僕はいつもそうなんですけど、好奇心が強くて興味があったらできなくてもやるって言っちゃうんです。とにかく「おもしろそうなことで食べていきたい」って思いはずっとあって、いつも後から努力するんですよね。

なので、基本的に仕事を断わらないんです。どうしてもスケジュールが合わないとき以外は、どんな仕事も受けちゃうんですよ。
自分にとって何が次のステップになるかわからないですから、とりあえずやってみようっていつも思うんです。

声優と同じで、はじめはラジオも全く興味がなかったんですよ。
今はFMラジオで生放送のDJをやってるんですけど、もともとラジオ少年でもなんでもなくって、DJってカッコイイな、好きな音楽かけてしゃべればいいんだろうなって感じでした。

僕の先輩が千葉のbayFMってラジオ局でDJをやってたんです。
たまたま僕がCMナレーションの仕事でbayFMに行ったら、生放送を終えた先輩が出てきて「この子、バンドやってて音楽にも詳しいんです」ってディレクターを紹介してくれたんですよ。

そしたら後日、ディレクターから電話がかかってきて「DJやってみたい?」って聞かれたんです。
経験はなかったんですけど、おもしろそうだなと思って「やってみたいです」って言ってデモテープ録って、深夜の生番組を持つことになったんです。

でも、軽い気持ちではじめたら1人で4時間もしゃべらなくちゃならなくて大変でした(笑)
あのころはメールが主流になりつつある時代で、リスナーに呼びかけをしてメールを募集して、それに合わせて話をしていくんです。
でも時間の読み方もわからないんで、エンディングがやけに余っちゃったりもしましたね。だから移動のたびに、各局のいろんなDJのラジオを聞いて勉強しました。

いろいろ手を変え品を変えつつやっていて、自分なりに台本を書いたりもしたんです。でも「それじゃあフリートークじゃない!」ってディレクターに言われて…、どうもうまくいかないんですよ。

そうすると、もうDJは向いてないからクビになってもいいやって、気持ちもどこかにあって。
ある日、ゲストのことを事前にキッチリ勉強できなかったんですけど、その日のゲストとの会話が逆にすごく自然で良かったって初めてディレクターに褒められたんですよ。
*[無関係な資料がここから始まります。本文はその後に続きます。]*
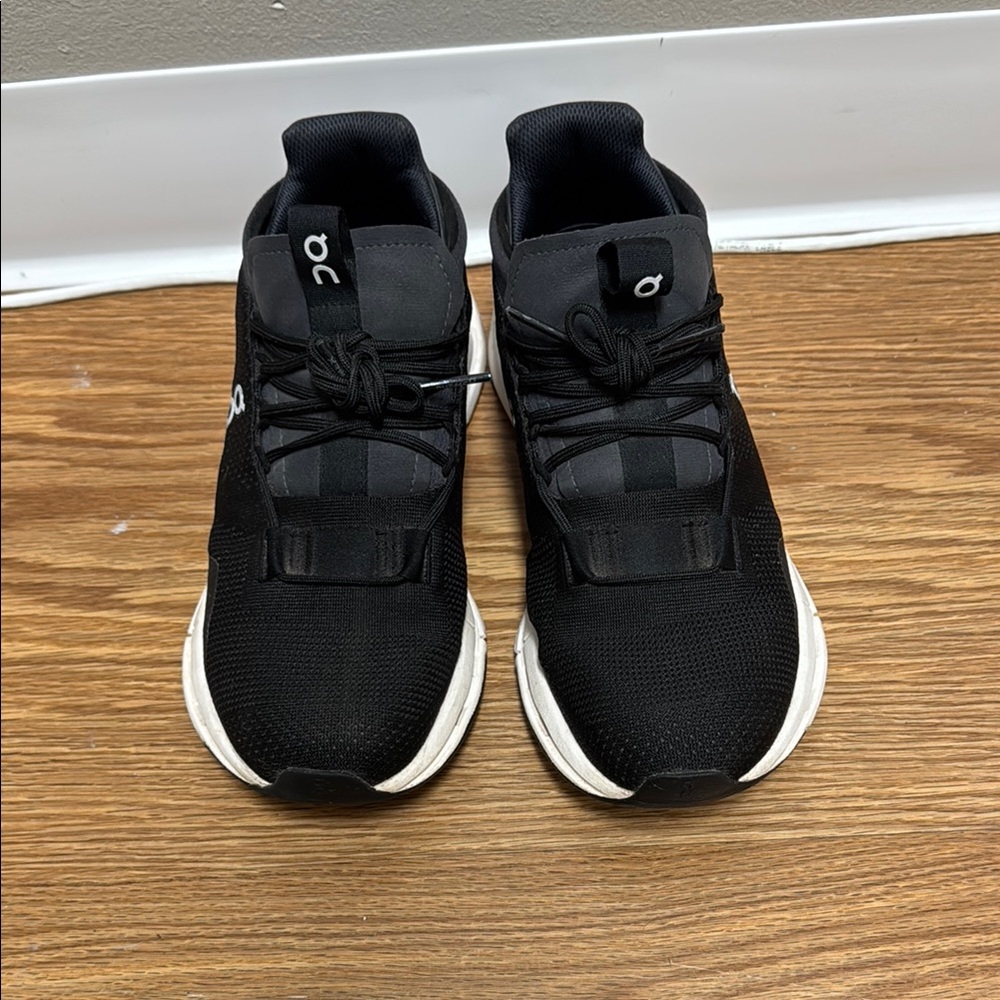 On Running Women’s Black Running Shoes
そこでちょっと自信が持てました。DJとしての基本的な心構えも発見でき、少しずつラジオが好きになって、気づけばもう16年やっていますね。

 

僕の発声はガソリンスタンドで培われたんですよ(笑)

森久保祥太郎 声優 爆走兄弟レッツ&ゴー!! ミニ四ファイター MAJOR 茂野吾郎 NARUTO-ナルト-疾風伝 ナルト 奈良シカマル 弱虫ペダル うたの☆プリンスさまっ♪ ナレーター buzz★Vibes ヴォーカル―いろいろなお仕事に取り組んでいる森久保さんですが、はじめてのアルバイトについて教えてください。

はじめて働いたのは、家の近所のガソリンスタンドです。
一番長く続けたアルバイトで、高校1年から大学3年生まで働いていました。
当時付き合っていた彼女のお母さんが働いていたところで、彼女と彼女のお母さんと一緒に仕事をしていましたね(笑)

僕が働いていたのは、秋川って行楽地に行くときに通る最後のスタンドで、週末になるといろんな若い人がバーベキューしに来たりするんですよ。接客業でいろんな人と話せるのもおもしろかったですね。

まわりには土建屋さんとか、鉄工所とかが多くて常連さんもいっぱい来るんですが「ちょっと俺のベンツ取りに来て、ガソリン入れて洗車しといて」みたいなこともお願いされるんです。
そしたら原チャリで常連さんのところまで行って、ベンツに乗ってスタンドまで戻って、ガソリンを入れて、またお客さんのところにベンツを持っていって、また原チャリでスタンドに帰って来るんですけど、「ああ、ベンツ運転しちゃった!」みたいなのがうれしかったです。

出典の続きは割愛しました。